The Marine Corps is exploring new ways to organize forces and maximize their usefulness to joint force commanders. The expansion of the Marine CorpsÕ relationship with the US Special Operations Command (USSOCOM) highlights a commitment to this process, and to transformation. To that end, in 2003 the Commandant and the Commander of the US Special Operations Command reestablished the USSOCOM-Marine Corps Board. The board is a forum for the exchange of ideas between the Joint Special Operations Command (JSOC) and deploying Marine Expeditionary Unit staffs, to establish and continue a dialogue between Theater Special Operations Commands (TSOC) and deploying MEU staffs, and to coordinate USSOCOM and USMC warfighting developments.

An interesting illustration of JSOC concept development activities was provided by a letter dated February 2, 2004, in which Ltc. Douglas P. Weitzel petitioned the Federal Aviation Administration (FAA) on behalf of the Joint Special Operations Command (JSOC) for an exemption from §§ 105.17, and 105.19(a) and (b), Title 14, Code of Federal Regulations (14 CFR). The proposed exemption, if granted, would permit the JSOC forces to conduct night parachute operations using parachutes with no illumination, through clouds, outside of the special use airspace, at and below 1,500 feet above ground level (AGL). These operations would be conducted in Class B, C, D, or E airspace at airports closed to nonparticipating air traffic.

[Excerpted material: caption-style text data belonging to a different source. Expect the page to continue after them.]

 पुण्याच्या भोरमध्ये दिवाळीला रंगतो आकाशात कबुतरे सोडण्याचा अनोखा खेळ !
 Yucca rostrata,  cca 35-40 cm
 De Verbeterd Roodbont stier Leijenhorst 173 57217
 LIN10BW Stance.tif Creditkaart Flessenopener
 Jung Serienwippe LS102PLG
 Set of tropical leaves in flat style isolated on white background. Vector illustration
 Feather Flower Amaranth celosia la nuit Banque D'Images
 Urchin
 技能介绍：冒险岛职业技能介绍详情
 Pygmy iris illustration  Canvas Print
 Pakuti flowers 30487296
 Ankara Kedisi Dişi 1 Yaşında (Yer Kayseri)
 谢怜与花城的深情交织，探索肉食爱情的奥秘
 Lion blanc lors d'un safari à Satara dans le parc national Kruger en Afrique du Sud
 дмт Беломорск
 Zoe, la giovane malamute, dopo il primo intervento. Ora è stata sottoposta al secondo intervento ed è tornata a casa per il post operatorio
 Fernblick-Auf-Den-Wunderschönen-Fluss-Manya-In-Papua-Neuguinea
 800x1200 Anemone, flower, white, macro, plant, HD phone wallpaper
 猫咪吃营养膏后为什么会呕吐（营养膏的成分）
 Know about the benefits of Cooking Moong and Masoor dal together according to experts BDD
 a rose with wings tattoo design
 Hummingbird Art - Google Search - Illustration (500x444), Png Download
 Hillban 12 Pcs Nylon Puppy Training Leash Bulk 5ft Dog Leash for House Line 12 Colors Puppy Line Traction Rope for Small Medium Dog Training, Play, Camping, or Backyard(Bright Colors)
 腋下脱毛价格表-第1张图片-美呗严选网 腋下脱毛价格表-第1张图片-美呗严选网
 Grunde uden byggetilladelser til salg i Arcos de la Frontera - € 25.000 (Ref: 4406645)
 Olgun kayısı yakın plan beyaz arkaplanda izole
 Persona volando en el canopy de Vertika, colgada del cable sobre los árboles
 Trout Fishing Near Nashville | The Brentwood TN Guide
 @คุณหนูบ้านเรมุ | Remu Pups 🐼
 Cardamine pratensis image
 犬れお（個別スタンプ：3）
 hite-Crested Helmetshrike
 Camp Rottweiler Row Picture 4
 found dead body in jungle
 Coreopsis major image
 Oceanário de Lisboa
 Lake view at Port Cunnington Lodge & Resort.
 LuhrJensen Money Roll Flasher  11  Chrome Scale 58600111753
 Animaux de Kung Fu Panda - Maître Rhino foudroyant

The petitioner stated that US Military forces are required to train and exercise the capability to seize airfields in support of national objectives. A combination of military, joint-use and civilian airfields are used in this training. This training includes parachute and equipment drops which may occur in instrument meteorological conditions (IMC) to meet training objectives. Additionally, the training includes drops, which must occur at night in ‘blacked out’ conditions to enhance realism and to meet training requirements. Placing lights on individual jumpers does not enable required training for night vision goggle operations. The petitioner stated that currently Military forces are exempted from many parts of § 105, if the training is accomplished in a restricted area or in uncontrolled airspace. Few potential training airfields are covered by the military forces exemption. Therefore, an exemption would allow JSOC forces to train for mission essential tasks critical to maintaining national defense.

JSOC would provide advance notice to surrounding airports of its plan to conduct the operations and coordinate the planned operations with other sister agencies on a need to know basis. Also, the aircraft would be operated with lights-on throughout the operation. JSOC does not propose to operate the aircraft under lights-out conditions during the flight and only requests that the parachutists be allowed to jump without illumination. As such, the aircraft would be highly visible to any aircraft operating in the vicinity.

The proposed concept of allowing unlighted parachute operations to be conducted through cloud cover with reported ceilings as low as 300 feet AGL is unique. The FAA believes that the JSOC must operate in hazardous conditions during combat and must therefore train under simulated combat conditions to be fully prepared for the assigned mission. The likelihood that a non-participating aircraft or a person would be near the drop zones or in the affected airspace, given the level of available and proposed security, is virtually nonexistent. The FAA therefore believes that no hazard exists to anyone, other than the participants in the training exercise who are under the direct control of the military.